All of the lines below are to be transcribed faithfully, with pictures excluded from the copy.

*** Collected data ***

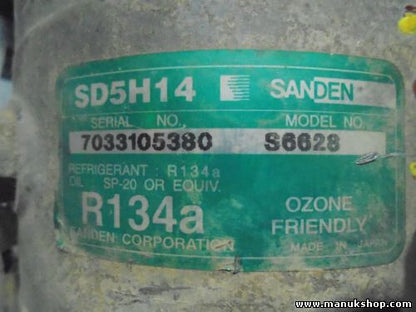 Compressore d'aria Santana Anibal citroen c 15 SANDEN SD5H14S6628 508S130A R134a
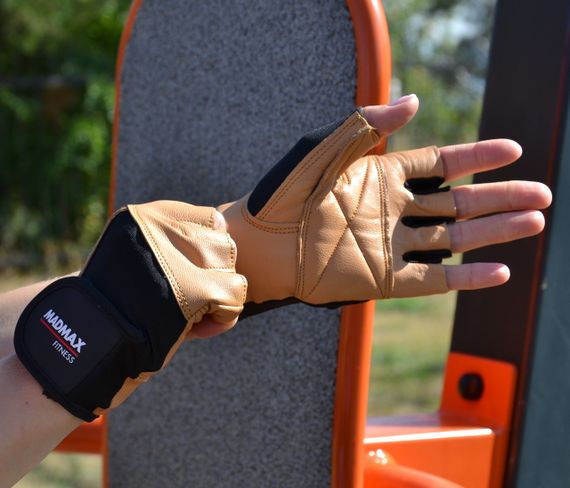 Рукавички для фітнесу MadMax MFG-444 Fitness Brown XL | Зображення 7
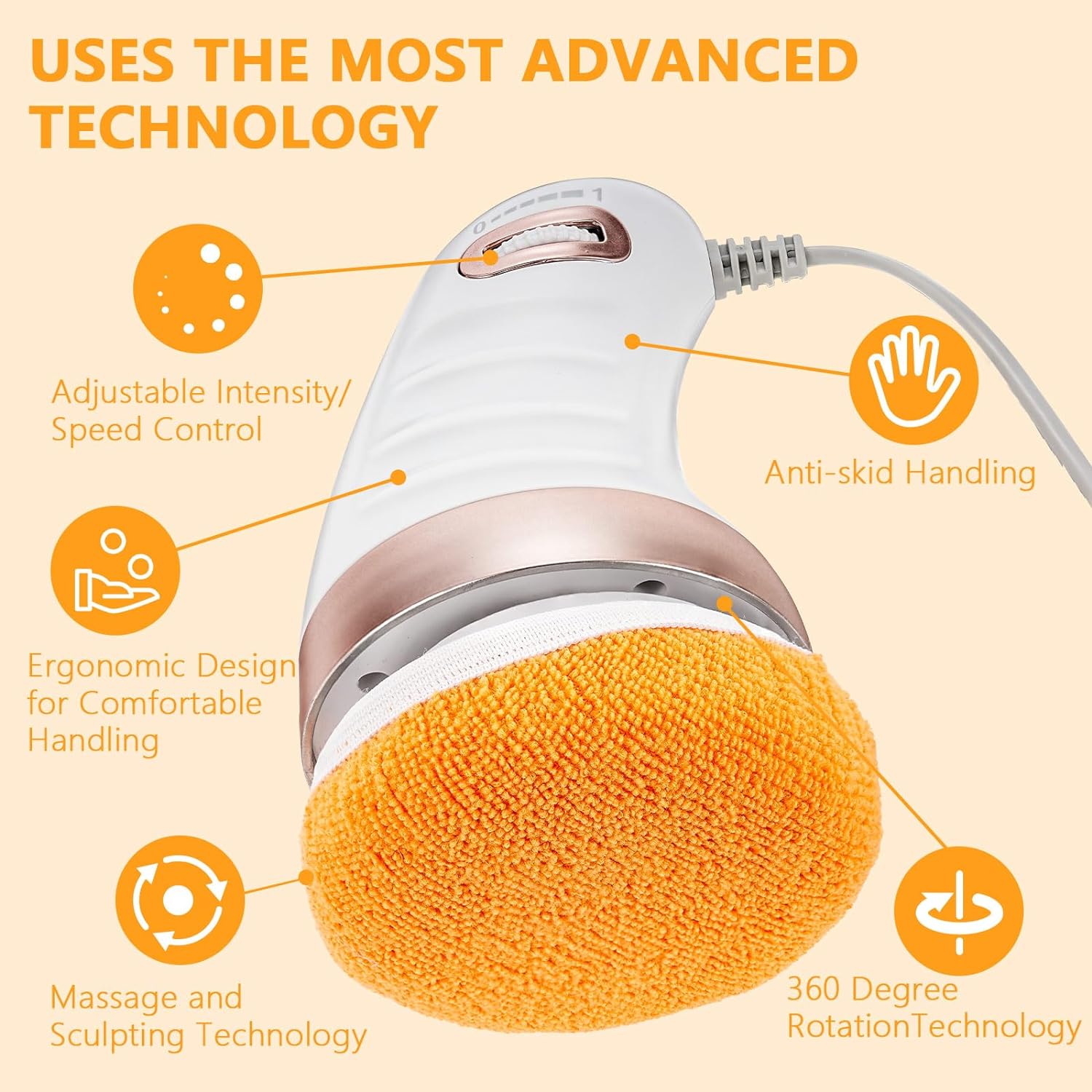 Body Sculpting Massager with 3 Pads, Adjustable Speed, Handheld Electric Massager for Full Body (1 Pc) - Shivani Jaswal Body Sculpting Massager with 3 Pads, Adjustable Speed, Handheld Electric Massager for Full Body (1 Pc)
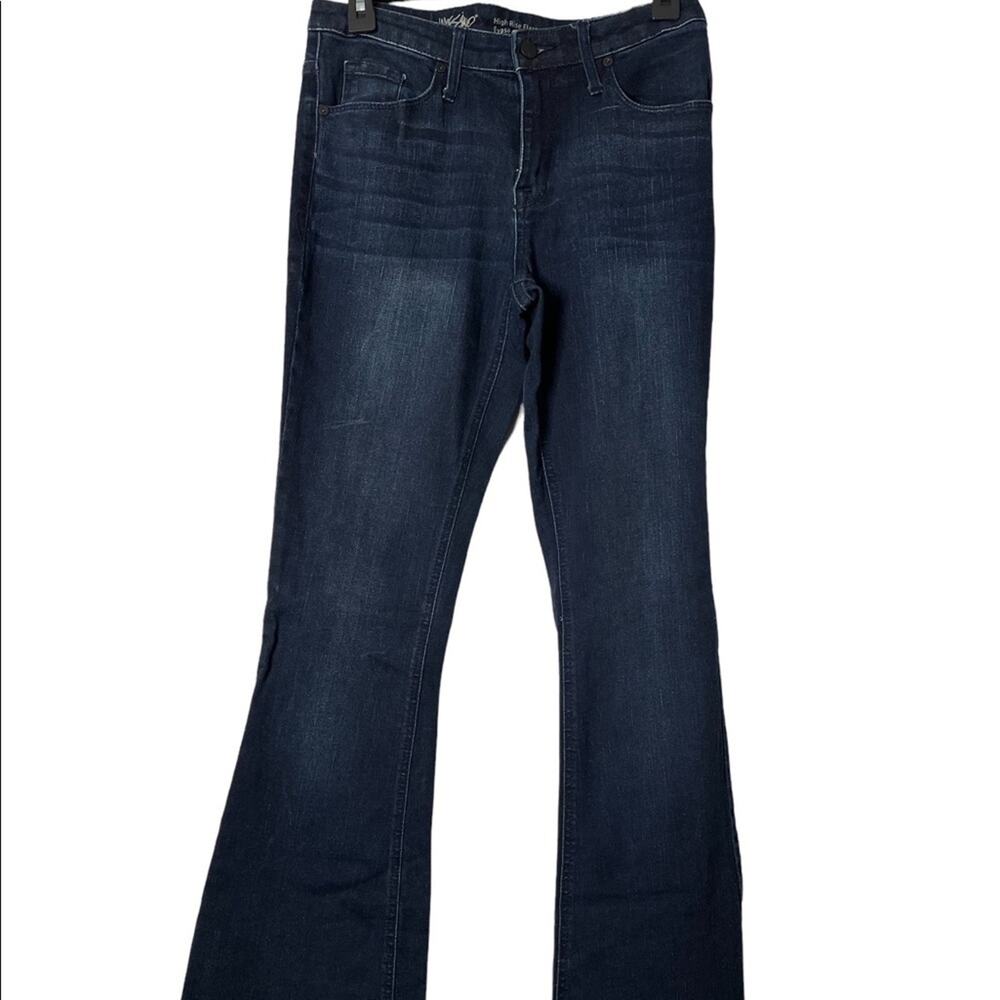 Mossimo High Rise Flared Denim JEANS Womens 4/27 Blue Stretch Quality Trendy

*** End of Collected data ***

Solution to this problem:
 Compressore d'aria Santana Anibal citroen c 15 SANDEN SD5H14S6628 508S130A R134a
 Рукавички для фітнесу MadMax MFG-444 Fitness Brown XL | Зображення 7
 Body Sculpting Massager with 3 Pads, Adjustable Speed, Handheld Electric Massager for Full Body (1 Pc) - Shivani Jaswal Body Sculpting Massager with 3 Pads, Adjustable Speed, Handheld Electric Massager for Full Body (1 Pc)
 Mossimo High Rise Flared Denim JEANS Womens 4/27 Blue Stretch Quality Trendy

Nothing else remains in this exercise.